In a way, the problems were related: the desire to minimize
perceptions of centralization contributed to a smaller premine, and a
smaller premine was exhausted more quickly.
This is not the only way that things could have been done. Zcash has a different approach: a constant
20% of the block reward goes to a set of recipients hard-coded in the
protocol, and the set of recipients gets re-negotiated every 4 years (so
far this has happened
once). This would have been much more sustainable, but it would have
been much more heavily criticized as centralized (the Zcash community
seems to be more openly okay with more technocratic leadership than the
Ethereum community).
One possible alternative path would be something similar to the "DAO
from day 1" route popular among some defi projects today. Here is a
possible strawman proposal:
- We agree that for 2 years, a block reward of 2 ETH per block
goes into a dev fund.
- Anyone who purchases ETH in the ether sale could specify a
vote for their preferred distribution of the dev fund
(eg. "1 ETH per block to the Ethereum Foundation, 0.4 ETH to the
Consensys research team, 0.2 ETH to Vlad Zamfir...")
- Recipients that got voted for get a share from the dev
fund equal to the median of everyone's votes,
scaled so that the total equals 2 ETH per block (median is to prevent
self-dealing: if you vote for yourself you get nothing unless you get at
least half of other purchasers to mention you)
The sale could be run by a legal entity that promises to distribute
the bitcoin received during the sale along the same ratios as
the ETH dev fund (or burned, if we really wanted to make bitcoiners
happy). This probably would have led to the Ethereum Foundation getting
a lot of funding, non-EF groups also getting a lot of funding (leading
to more ecosystem decentralization), all without breaking credible
neutrality one single bit. The main downside is of course that coin voting really sucks,
but pragmatically we could have realized that 2014 was still an early
and idealistic time and the most serious downsides of coin voting would
only start coming into play long after the sale ends.
Would this have been a better idea and set a better precedent? Maybe!
Though realistically even if the dev fund had been fully credibly
neutral, the people who yell about Ethereum's premine today may well
have just started yelling twice as hard about the DAO fork instead.
What can we learn from all
this?
In general, it sometimes feels to me like Ethereum's biggest
challenges come from balancing between two visions - a pure and simple
blockchain that values safety and simplicity, and a highly performant
and functional platform for building advanced applications.
Many of the examples above are just aspects of this: do we have fewer
features and be more Bitcoin-like, or more features and be more
developer-friendly?
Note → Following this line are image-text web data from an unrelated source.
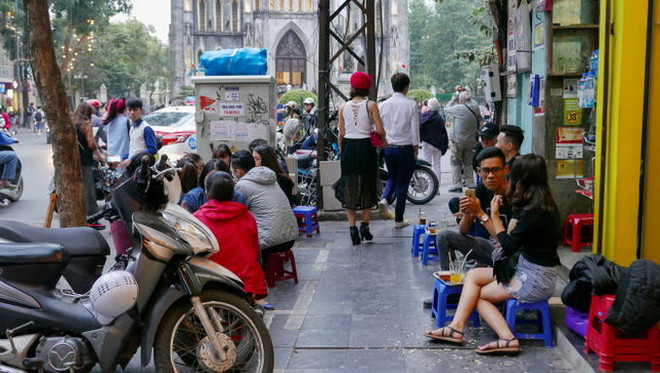 Hanoi to clear sidewalks of cars, beer joints ảnh 1 Hanoi to clear sidewalks of cars, beer joints ảnh 1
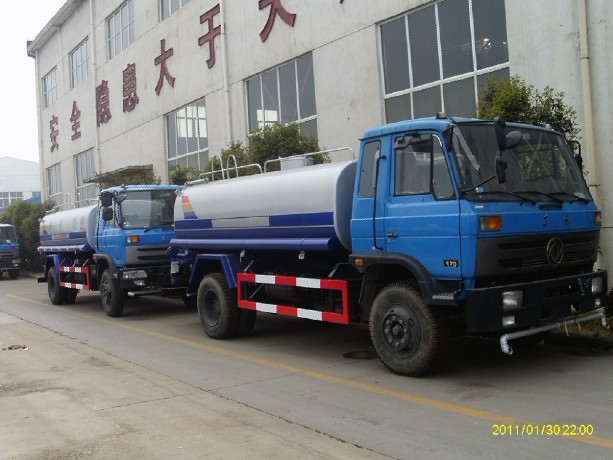 東風(fēng)10噸綠化灑水車 東風(fēng)園林綠化噴灑水車 哪里有公園社區(qū)噴灑水車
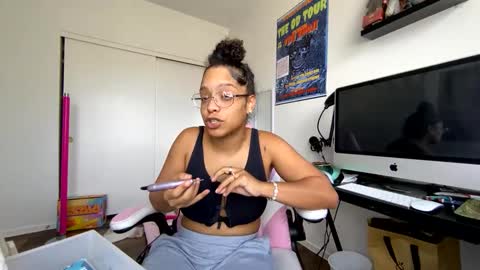 Snapshot of xstargazingx chatting on 09-19-25, 07:58 xStarGazingx online show from 09-19-25, 07:58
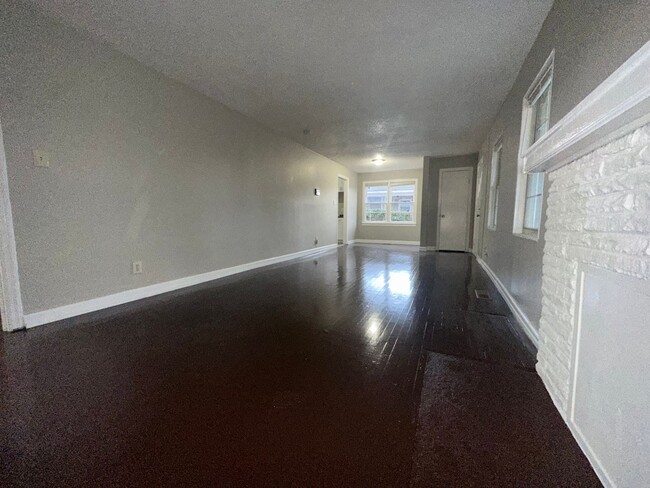 Foto del edificio - Home for rent in Huffman **ACCEPTS SECTION...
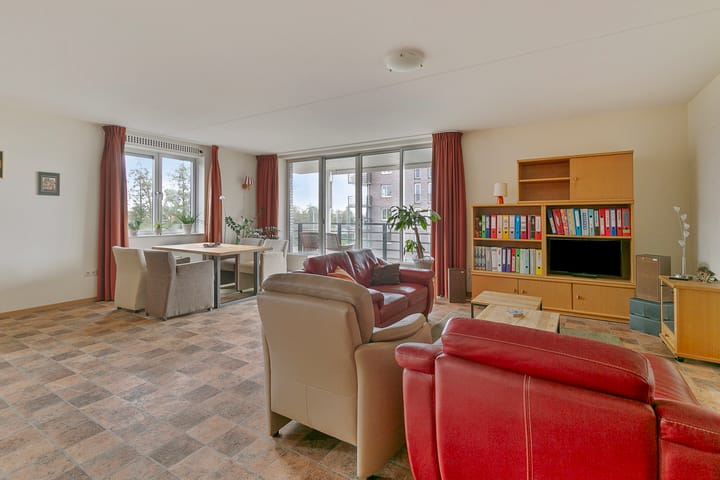 Foto 16 van Yellowstone 74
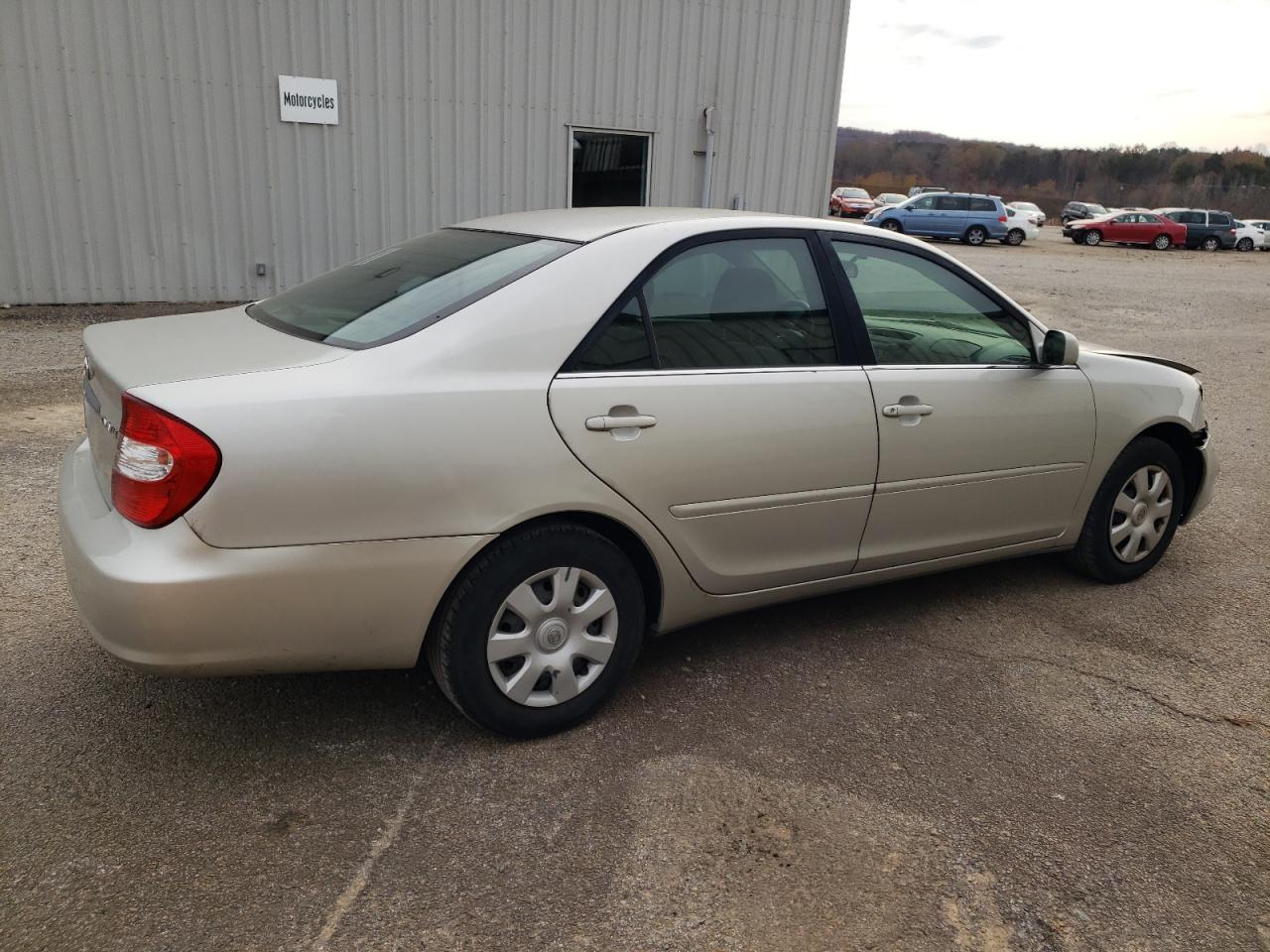 Toyota Camry Le Image 3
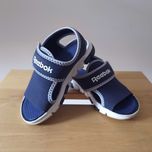 Sandałki Reebok r.26 granatowe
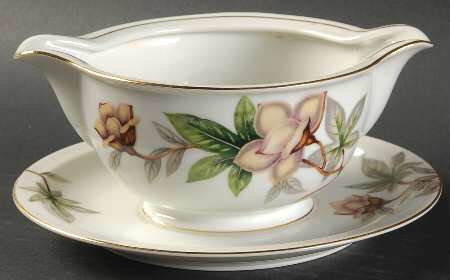 Woodrose Gravy Boat with Attached Underplate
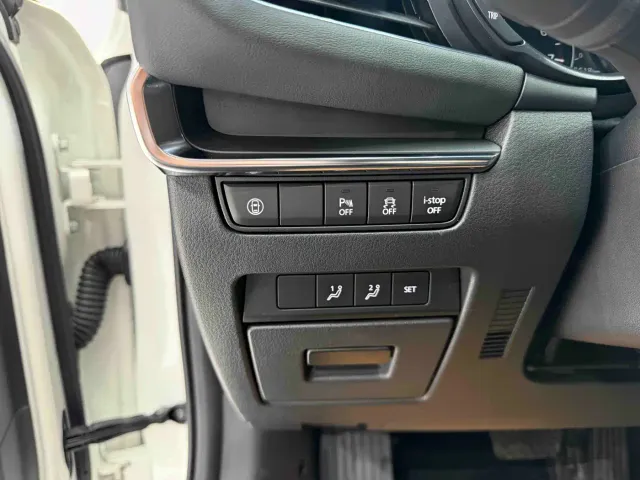 Mazda Axela — Фото автомобиля 8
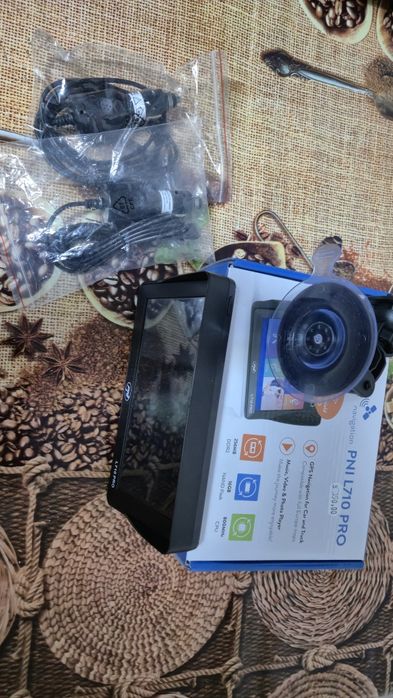 Vând GPS auto PNI L710 PRO + brichetă auto multiplă

Vând GPS auto PNI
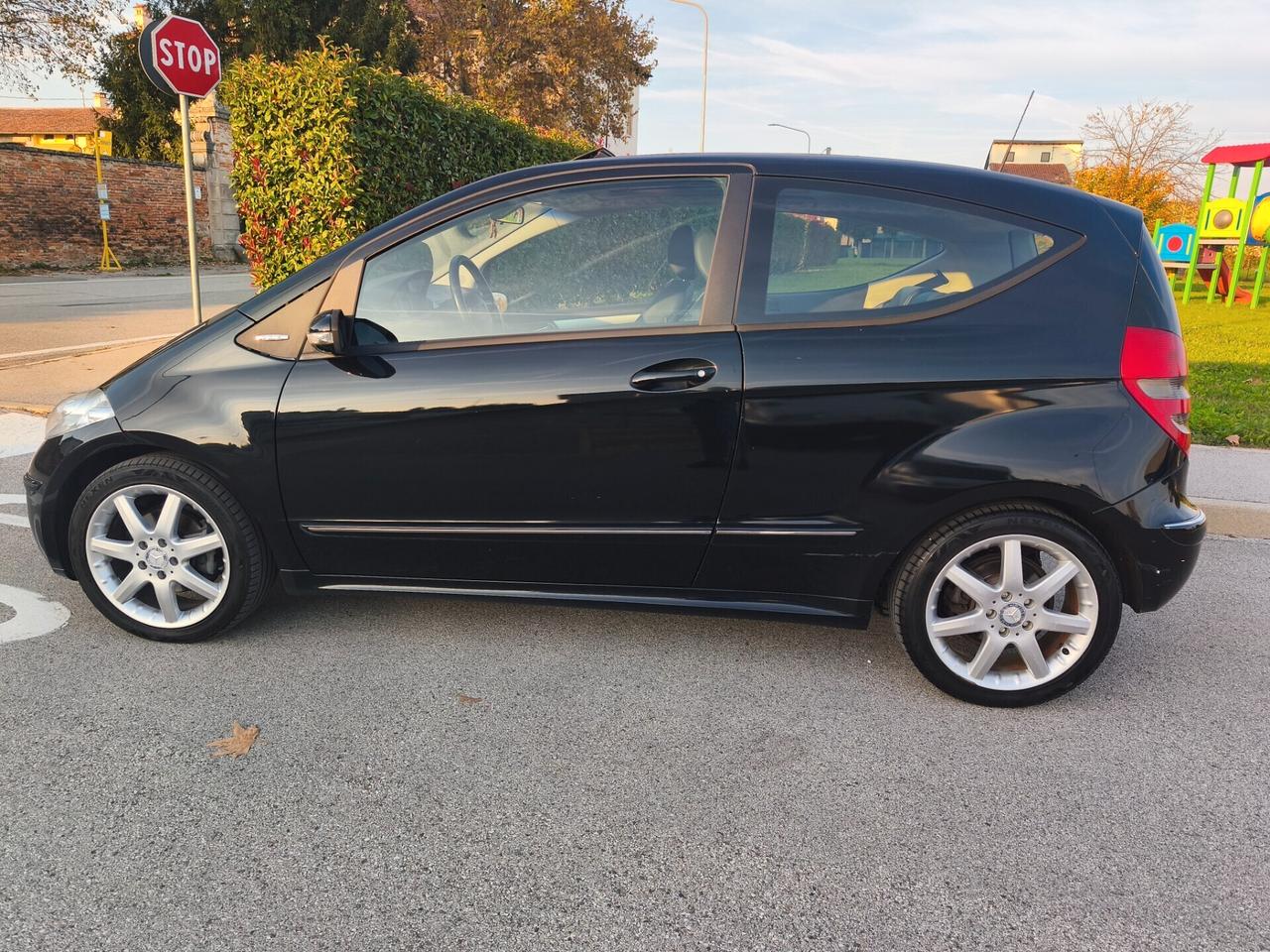 Mercedes A180CDI EDITION neopatentati
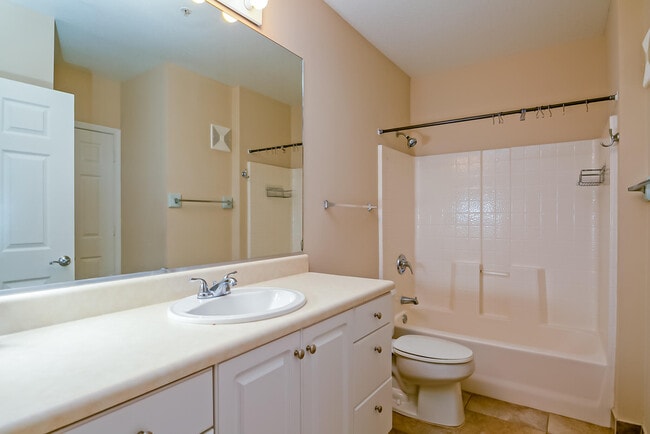 Building Photo - 5015 Fairways Cir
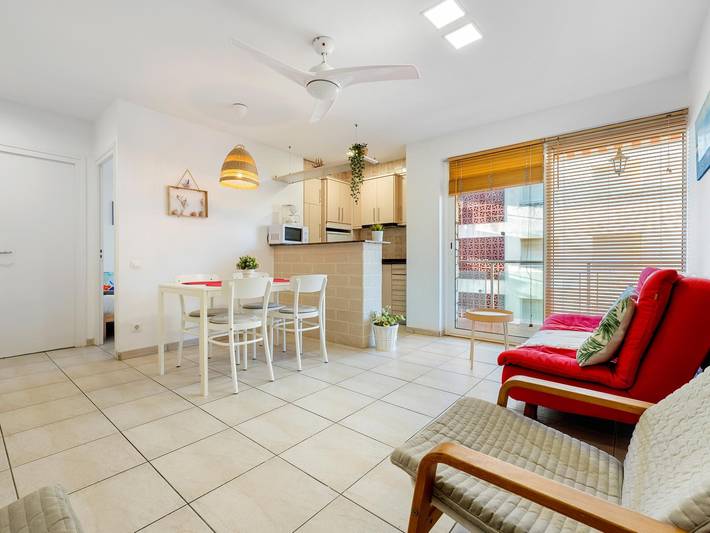 Ferienwohnung für 4 Personen, mit Meerblick und Balkon sowie Terrasse und Pool in Santa Susanna - 2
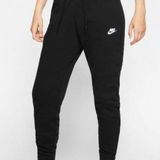 Nike Women’s Club Slim Pant Photo 0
Do we worry a lot about making development funding
credibly neutral and be more Bitcoin-like, or do we just worry first and
foremost about making sure devs are rewarded enough to make Ethereum
great?
My personal dream is to try to achieve both visions at the
same time - a base layer where the specification becomes
smaller each year than the year before it, and a powerful
developer-friendly advanced application ecosystem centered around
layer-2 protocols. That said, getting to such an ideal world takes a
long time, and a more explicit realization that it would take
time and we need to think about the roadmap step-by-step would have
probably helped us a lot.
Today, there are a lot of things we cannot change, but there are many
things that we still can, and there is still a path solidly open to
improving both functionality and simplicity. Sometimes the path is a
winding one: we need to add some more complexity first to enable
sharding, which in turn enables lots of layer-2 scalability on top. That
said, reducing complexity is possible, and Ethereum's history has
already demonstrated this:
- EIP-150 made
the call stack depth limit no longer relevant, reducing security worries
for contract developers.
- EIP-161 made
the concept of an "empty account" as something separate from an account
whose fields are zero no longer exist.
- EIP-3529
removed part of the refund mechanism and made gas tokens no longer
viable.
Ideas in the pipeline, like Verkle
trees, reduce complexity even further. But the question of how to
balance the two visions better in the future is one that we should start
more actively thinking about.
The roads not taken
2022 Mar 29 See all postsThe Ethereum protocol development community has made a lot of decisions in the early stages of Ethereum that have had a large impact on the project's trajectory. In some cases, Ethereum developers made conscious decisions to improve in some place where we thought that Bitcoin erred. In other places, we were creating something new entirely, and we simply had to come up with something to fill in a blank - but there were many somethings to choose from. And in still other places, we had a tradeoff between something more complex and something simpler. Sometimes, we chose the simpler thing, but sometimes, we chose the more complex thing too.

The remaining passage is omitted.